EXERCISE DIRECTIONS:
Each entry is to be restated word for word, with nothing omitted.
Top of DATA FOR REVIEW
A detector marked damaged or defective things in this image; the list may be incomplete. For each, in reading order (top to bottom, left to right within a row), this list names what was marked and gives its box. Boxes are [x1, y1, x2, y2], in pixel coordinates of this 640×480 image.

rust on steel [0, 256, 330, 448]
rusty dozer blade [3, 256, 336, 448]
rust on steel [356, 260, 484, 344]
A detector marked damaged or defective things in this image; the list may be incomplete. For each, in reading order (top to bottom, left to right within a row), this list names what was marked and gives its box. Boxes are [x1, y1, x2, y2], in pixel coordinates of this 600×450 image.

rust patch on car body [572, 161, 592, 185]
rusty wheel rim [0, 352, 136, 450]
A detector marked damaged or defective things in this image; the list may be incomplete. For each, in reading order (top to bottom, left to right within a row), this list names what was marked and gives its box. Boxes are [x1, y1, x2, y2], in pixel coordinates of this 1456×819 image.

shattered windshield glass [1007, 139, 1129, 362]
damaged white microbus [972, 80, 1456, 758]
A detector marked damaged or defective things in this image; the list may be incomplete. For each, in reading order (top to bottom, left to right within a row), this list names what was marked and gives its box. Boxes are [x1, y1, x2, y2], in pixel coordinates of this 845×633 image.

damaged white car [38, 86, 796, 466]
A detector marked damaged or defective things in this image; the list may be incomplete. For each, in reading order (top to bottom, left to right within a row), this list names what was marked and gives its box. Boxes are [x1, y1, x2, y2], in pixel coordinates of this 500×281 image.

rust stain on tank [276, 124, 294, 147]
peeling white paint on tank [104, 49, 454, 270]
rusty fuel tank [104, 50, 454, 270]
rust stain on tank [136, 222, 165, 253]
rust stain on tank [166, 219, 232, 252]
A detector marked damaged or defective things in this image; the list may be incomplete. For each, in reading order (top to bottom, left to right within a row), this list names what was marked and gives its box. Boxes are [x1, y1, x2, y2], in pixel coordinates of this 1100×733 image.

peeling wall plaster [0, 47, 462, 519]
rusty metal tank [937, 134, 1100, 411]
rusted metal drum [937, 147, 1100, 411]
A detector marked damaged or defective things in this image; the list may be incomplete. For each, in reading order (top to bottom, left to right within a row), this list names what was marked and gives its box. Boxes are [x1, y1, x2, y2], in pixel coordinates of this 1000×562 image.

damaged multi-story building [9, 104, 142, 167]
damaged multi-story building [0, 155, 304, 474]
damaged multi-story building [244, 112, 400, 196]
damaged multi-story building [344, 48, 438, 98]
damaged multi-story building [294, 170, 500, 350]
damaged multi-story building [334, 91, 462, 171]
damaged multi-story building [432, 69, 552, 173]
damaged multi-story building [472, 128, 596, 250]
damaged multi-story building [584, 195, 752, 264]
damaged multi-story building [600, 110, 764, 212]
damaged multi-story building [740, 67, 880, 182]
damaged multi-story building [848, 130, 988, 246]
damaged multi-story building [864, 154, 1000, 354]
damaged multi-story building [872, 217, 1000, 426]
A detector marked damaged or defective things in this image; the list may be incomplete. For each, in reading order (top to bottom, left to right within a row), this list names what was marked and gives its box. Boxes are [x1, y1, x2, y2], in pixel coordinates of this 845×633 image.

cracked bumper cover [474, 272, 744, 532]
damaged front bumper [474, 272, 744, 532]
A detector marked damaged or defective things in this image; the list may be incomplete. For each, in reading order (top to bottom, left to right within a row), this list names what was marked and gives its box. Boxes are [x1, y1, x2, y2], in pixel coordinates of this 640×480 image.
Bottom of DATA FOR REVIEW
REPLY:
A detector marked damaged or defective things in this image; the list may be incomplete. For each, in reading order (top to bottom, left to right within a row), this list names what was marked and gives its box. Boxes are [x1, y1, x2, y2], in pixel coordinates of this 640×480 image.

rust on steel [0, 256, 330, 448]
rusty dozer blade [3, 256, 336, 448]
rust on steel [356, 260, 484, 344]
A detector marked damaged or defective things in this image; the list may be incomplete. For each, in reading order (top to bottom, left to right within a row), this list names what was marked and gives its box. Boxes are [x1, y1, x2, y2], in pixel coordinates of this 600×450 image.

rust patch on car body [572, 161, 592, 185]
rusty wheel rim [0, 352, 136, 450]
A detector marked damaged or defective things in this image; the list may be incomplete. For each, in reading order (top to bottom, left to right within a row), this list names what was marked and gives its box. Boxes are [x1, y1, x2, y2], in pixel coordinates of this 1456×819 image.

shattered windshield glass [1007, 139, 1129, 362]
damaged white microbus [972, 80, 1456, 758]
A detector marked damaged or defective things in this image; the list may be incomplete. For each, in reading order (top to bottom, left to right within a row), this list names what was marked and gives its box. Boxes are [x1, y1, x2, y2], in pixel coordinates of this 845×633 image.

damaged white car [38, 86, 796, 466]
A detector marked damaged or defective things in this image; the list may be incomplete. For each, in reading order (top to bottom, left to right within a row), this list names what was marked and gives its box. Boxes are [x1, y1, x2, y2], in pixel coordinates of this 500×281 image.

rust stain on tank [276, 124, 294, 147]
peeling white paint on tank [104, 49, 454, 270]
rusty fuel tank [104, 50, 454, 270]
rust stain on tank [136, 222, 165, 253]
rust stain on tank [166, 219, 232, 252]
A detector marked damaged or defective things in this image; the list may be incomplete. For each, in reading order (top to bottom, left to right within a row), this list names what was marked and gives its box. Boxes are [x1, y1, x2, y2], in pixel coordinates of this 1100×733 image.

peeling wall plaster [0, 47, 462, 519]
rusty metal tank [937, 134, 1100, 411]
rusted metal drum [937, 147, 1100, 411]
A detector marked damaged or defective things in this image; the list may be incomplete. For each, in reading order (top to bottom, left to right within a row), this list names what was marked and gives its box. Boxes are [x1, y1, x2, y2], in pixel coordinates of this 1000×562 image.

damaged multi-story building [9, 104, 142, 167]
damaged multi-story building [0, 155, 304, 474]
damaged multi-story building [244, 112, 400, 196]
damaged multi-story building [344, 48, 438, 98]
damaged multi-story building [294, 170, 500, 350]
damaged multi-story building [334, 91, 462, 171]
damaged multi-story building [432, 69, 552, 173]
damaged multi-story building [472, 128, 596, 250]
damaged multi-story building [584, 195, 752, 264]
damaged multi-story building [600, 110, 764, 212]
damaged multi-story building [740, 67, 880, 182]
damaged multi-story building [848, 130, 988, 246]
damaged multi-story building [864, 154, 1000, 354]
damaged multi-story building [872, 217, 1000, 426]
A detector marked damaged or defective things in this image; the list may be incomplete. For each, in reading order (top to bottom, left to right within a row), this list names what was marked and gives its box. Boxes are [x1, y1, x2, y2], in pixel coordinates of this 845×633 image.

cracked bumper cover [474, 272, 744, 532]
damaged front bumper [474, 272, 744, 532]
A detector marked damaged or defective things in this image; the list may be incomplete. For each, in reading order (top to bottom, left to right within a row), this list names what was marked and gives its box. Boxes are [x1, y1, x2, y2], in pixel coordinates of this 640×480 image.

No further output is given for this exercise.